START Data shown

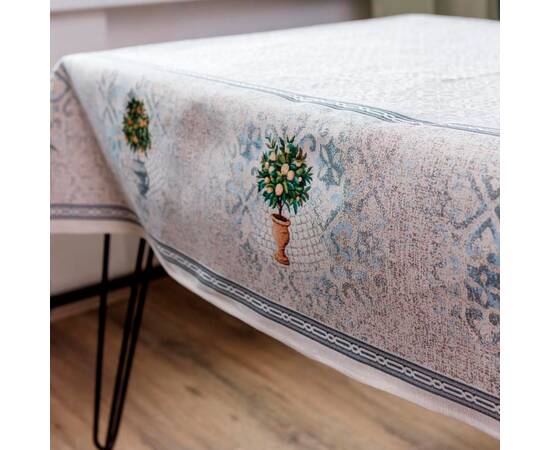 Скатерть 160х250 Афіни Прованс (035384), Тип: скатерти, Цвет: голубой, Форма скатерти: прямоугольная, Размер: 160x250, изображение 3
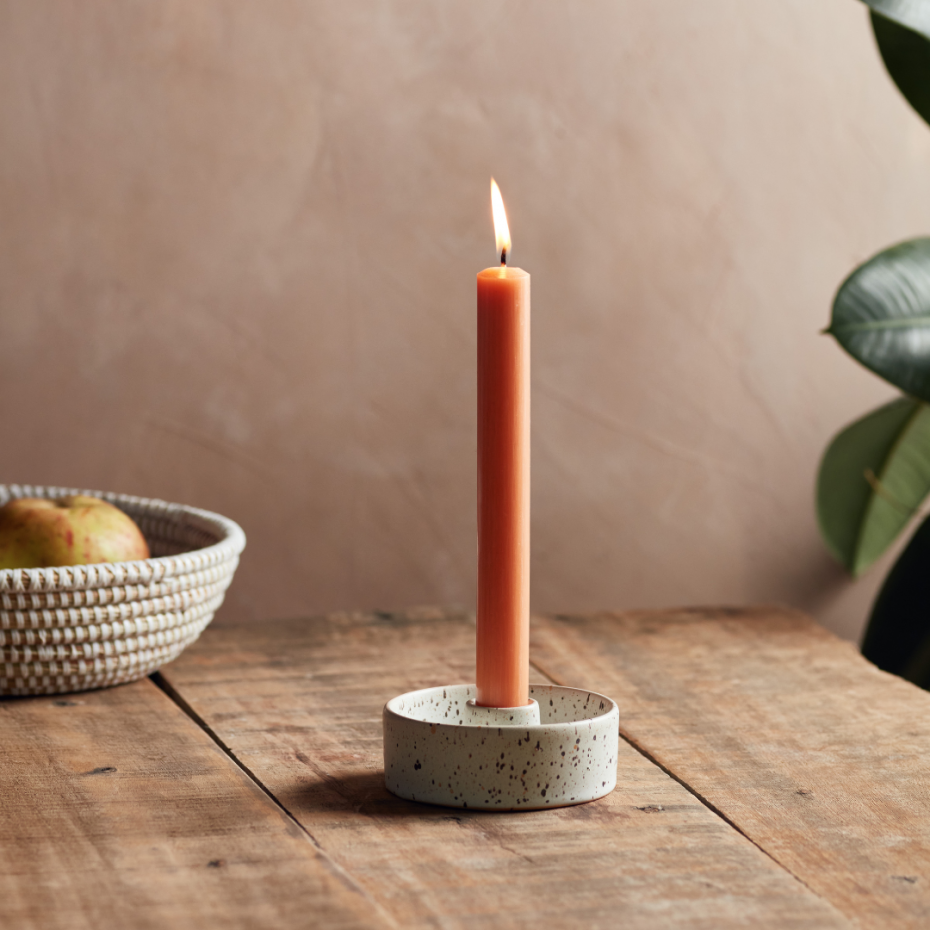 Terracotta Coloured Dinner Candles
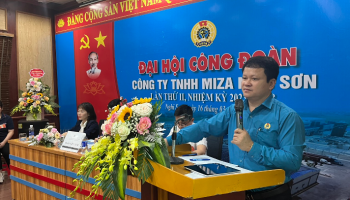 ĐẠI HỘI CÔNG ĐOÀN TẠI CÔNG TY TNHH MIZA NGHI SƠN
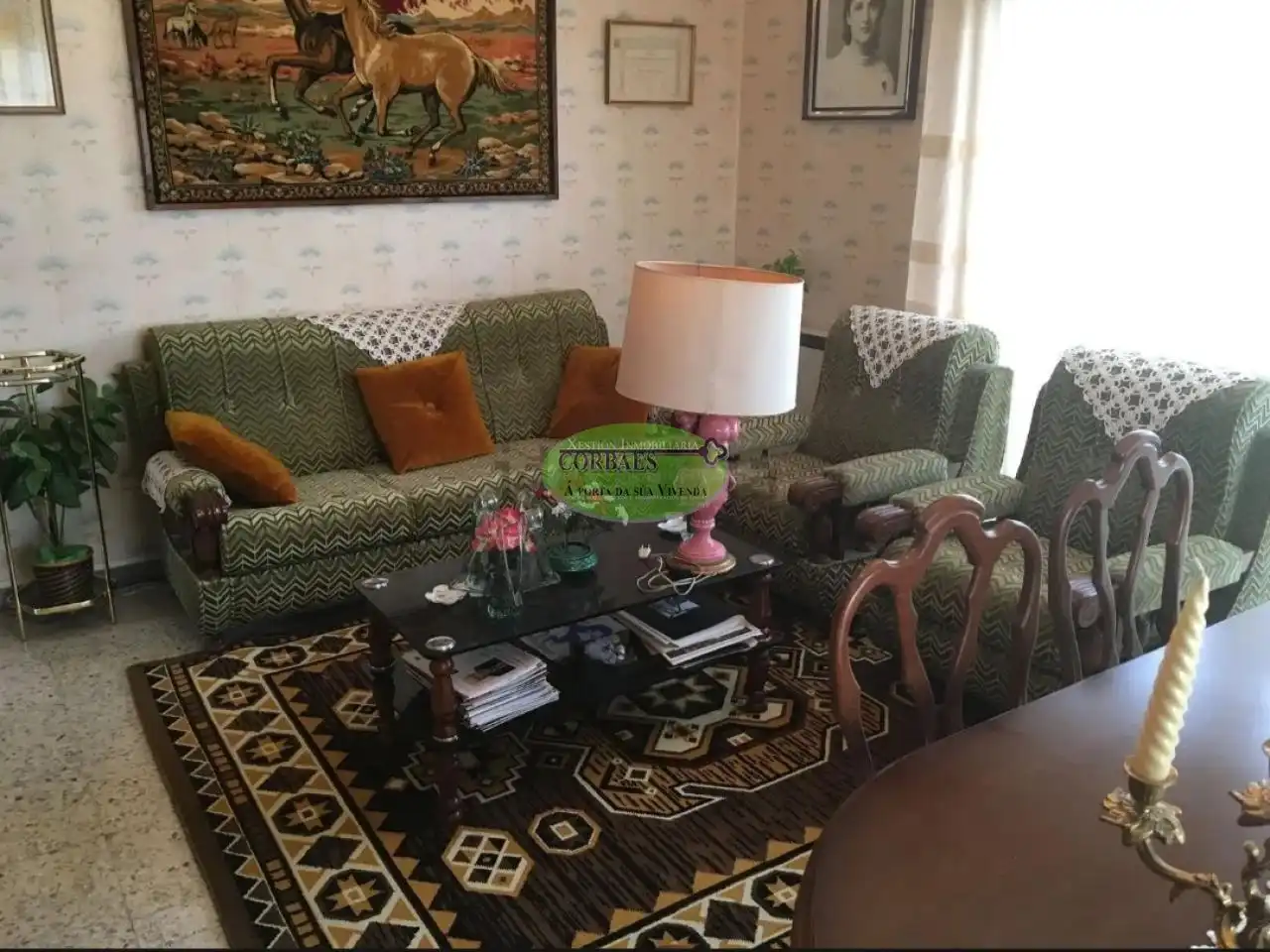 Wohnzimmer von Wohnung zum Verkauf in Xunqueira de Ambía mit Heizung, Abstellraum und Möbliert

END Data shown
START Data shown

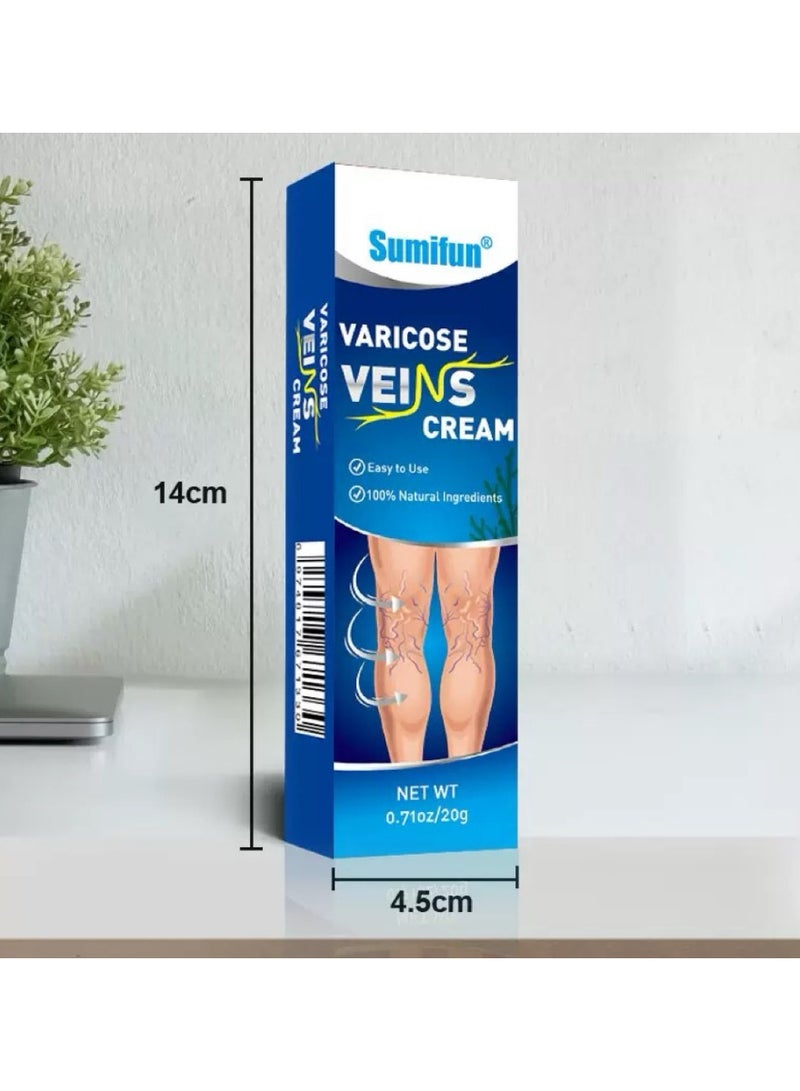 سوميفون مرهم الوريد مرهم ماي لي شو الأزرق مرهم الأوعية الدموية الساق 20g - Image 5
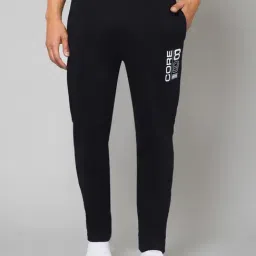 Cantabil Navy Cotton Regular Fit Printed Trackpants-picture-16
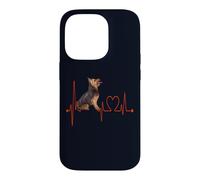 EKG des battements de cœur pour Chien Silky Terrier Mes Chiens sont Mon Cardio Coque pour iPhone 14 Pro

END Data shown

_About this task_
Excerpt from the records above: set down only the lines from the one that contains "Скатерть 160х250 Афіни" through the one that contains "Wohnzimmer von Wohnung", inclusive, word for word. Pictures stay out.

_Answer section_
 Скатерть 160х250 Афіни Прованс (035384), Тип: скатерти, Цвет: голубой, Форма скатерти: прямоугольная, Размер: 160x250, изображение 3
 Terracotta Coloured Dinner Candles
 ĐẠI HỘI CÔNG ĐOÀN TẠI CÔNG TY TNHH MIZA NGHI SƠN
 Wohnzimmer von Wohnung zum Verkauf in Xunqueira de Ambía mit Heizung, Abstellraum und Möbliert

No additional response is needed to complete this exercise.